The answer is often government.

That does not mean no government should act. It means government should act on the actual distortion. If government rules are preventing homes from being built, the solution is to reform those rules. Demand subsidies or symbolic attacks on disfavored buyers may be politically satisfying, but they do not solve the underlying problem.

This is the Smith-Hayek-Friedman lesson in practice. Let prices convey information. Let markets respond. Do not let incumbent interests use government to prevent competition. Intervene where there is a real market failure or distributional objective, but do not mistake every disliked price signal for proof that markets have failed.

The CIVPAC Standard

The lesson of The Wealth of Nations is not that business should always win. It is not that government should never act. It is not that inequality is irrelevant or that markets are morally self-justifying.

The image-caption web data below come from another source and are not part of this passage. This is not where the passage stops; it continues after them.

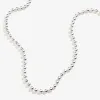 Ball Chain Necklace, Silver sold by Alex and Ani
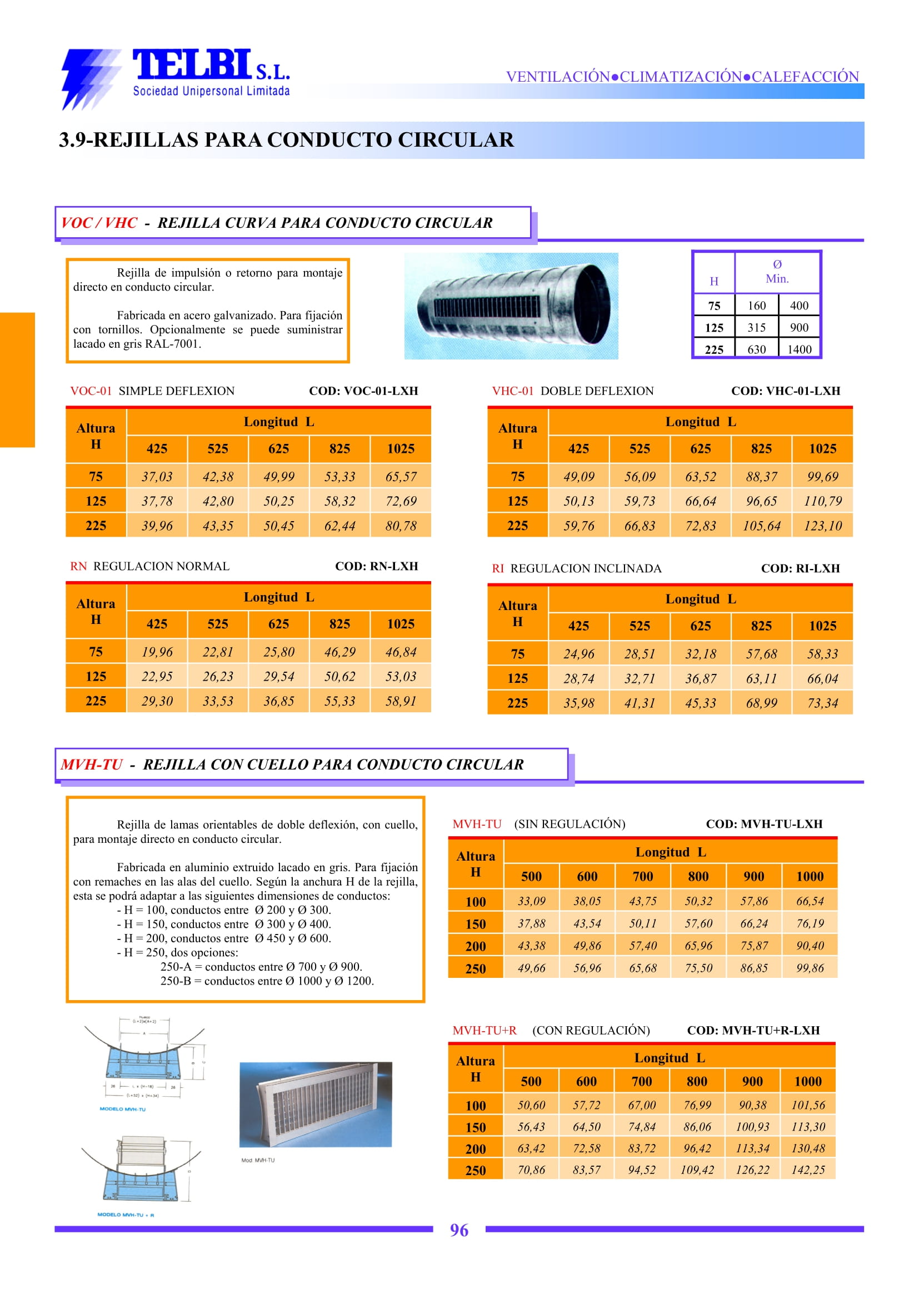 Catalogo Telbi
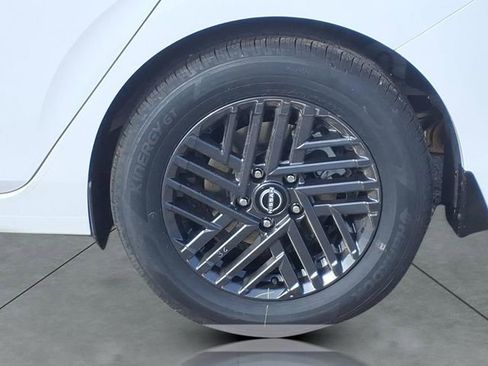 New 2026 Nissan Sentra SV w/ Floor Mat Package FWD image 4
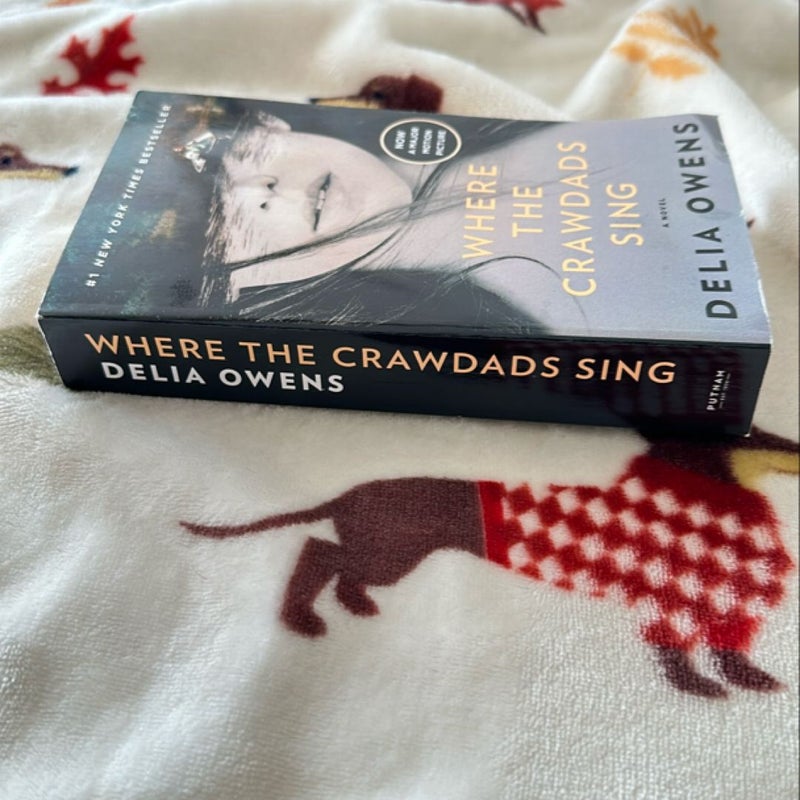 Where the Crawdads Sing (Movie Tie-In)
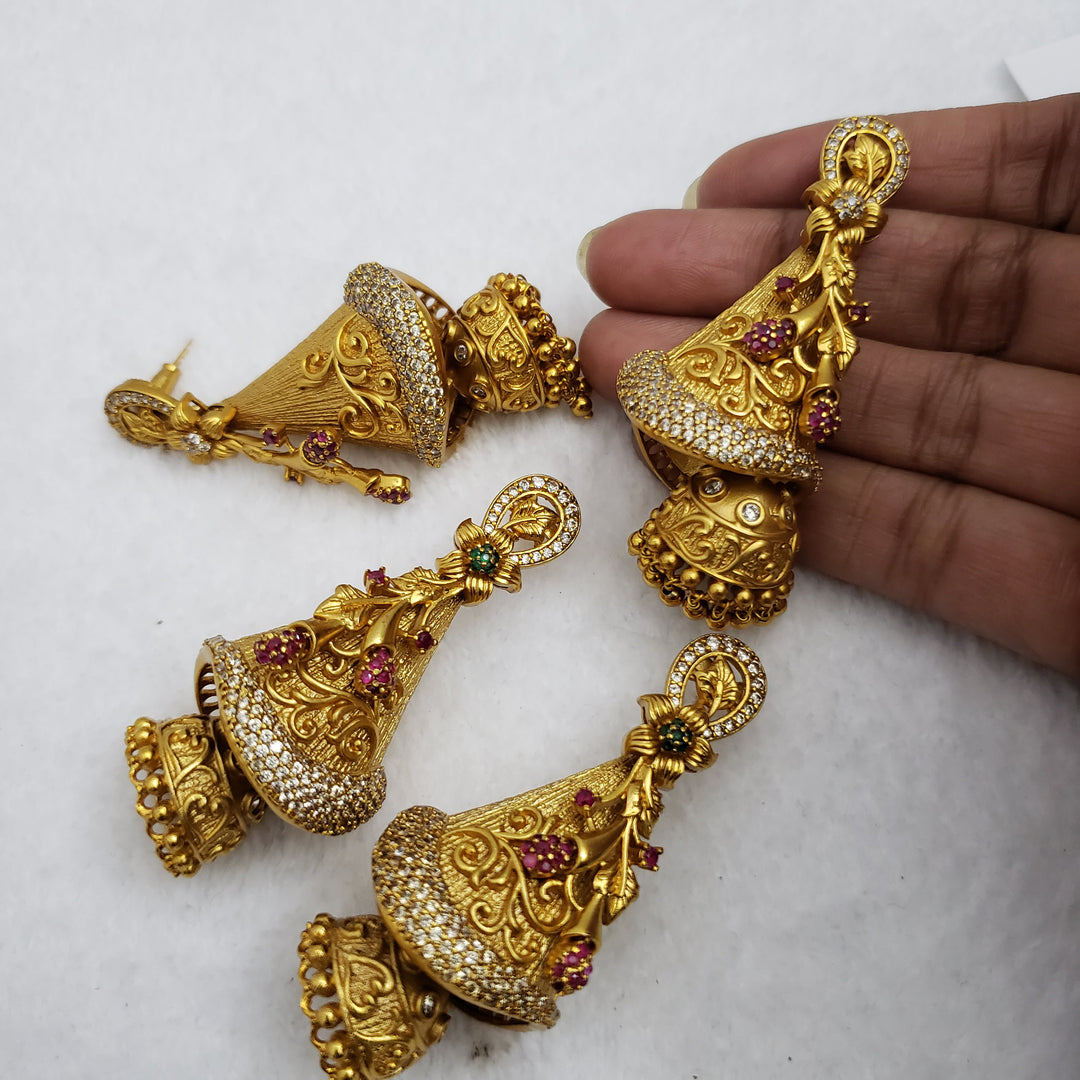 Trendy jumka,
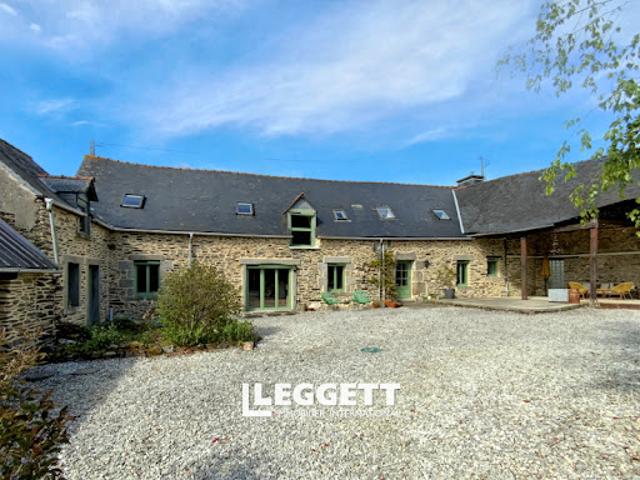 Maison vente à Saint-Brieuc, Bretagne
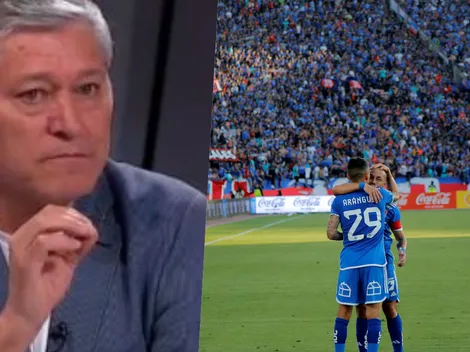 Pato Yáñez: "La U llena el estadio, no puede ser un equipo chico"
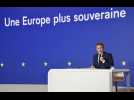 Fin de la présidence française de l'UE : Ukraine, numérique, taxe carbone... Quel bilan ?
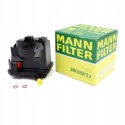 Mann-Filter WK 939/2 z Filtr paliwa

The lesson is that prosperity and liberty require institutions that channel self-interest toward useful production, competition, innovation, and exchange. Those institutions include markets, but also courts, property rights, contract enforcement, stable money, public goods, antitrust where appropriate, and rules against fraud, coercion, and favoritism.

CIVPAC’s standard is therefore straightforward:

Before government intervenes in a market, identify the problem.

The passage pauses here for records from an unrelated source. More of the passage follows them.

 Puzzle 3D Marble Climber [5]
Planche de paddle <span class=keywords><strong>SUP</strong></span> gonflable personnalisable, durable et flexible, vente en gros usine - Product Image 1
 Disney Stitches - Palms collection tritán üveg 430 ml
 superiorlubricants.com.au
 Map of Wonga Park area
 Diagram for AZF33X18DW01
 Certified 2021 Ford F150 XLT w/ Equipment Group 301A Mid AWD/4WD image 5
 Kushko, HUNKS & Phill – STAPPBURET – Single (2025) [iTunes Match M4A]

Is it a market failure? A public good? An externality? Monopoly power? Asymmetric information? A distributional objective? A government-created distortion? Does the proposed remedy address the actual problem? What incentives and unintended consequences will it create?

That is not a left-wing or right-wing checklist. It is a discipline.

Smith’s anniversary is worth celebrating because he helped teach the modern world that free exchange, specialization, and competition can produce enormous public benefit without central direction. It is also worth celebrating because Smith was wise enough not to confuse markets with merchants, capitalism with monopoly, or self-interest with virtue.

The country could use more of that wisdom.

At a time when both parties are tempted by populist villain-hunting, economic nationalism, industrial favoritism, and distrust of institutions, Adam Smith remains a useful corrective. He reminds us that markets are powerful not because business is noble, but because competition disciplines self-interest. He reminds us that government is necessary, but also easily captured. He reminds us that ordinary people know things planners do not. He reminds us that liberty depends not only on elections, but on the ability of people to make choices in their economic lives.

The 250th anniversary of the Declaration of Independence will rightly celebrate political liberty. The 250th anniversary of The Wealth of Nations should remind us that economic liberty is part of the same inheritance.

Both require institutions. Both require discipline. And both require skepticism toward concentrated power, whether it comes from government, business, or movements convinced that they alone know how society should be ordered.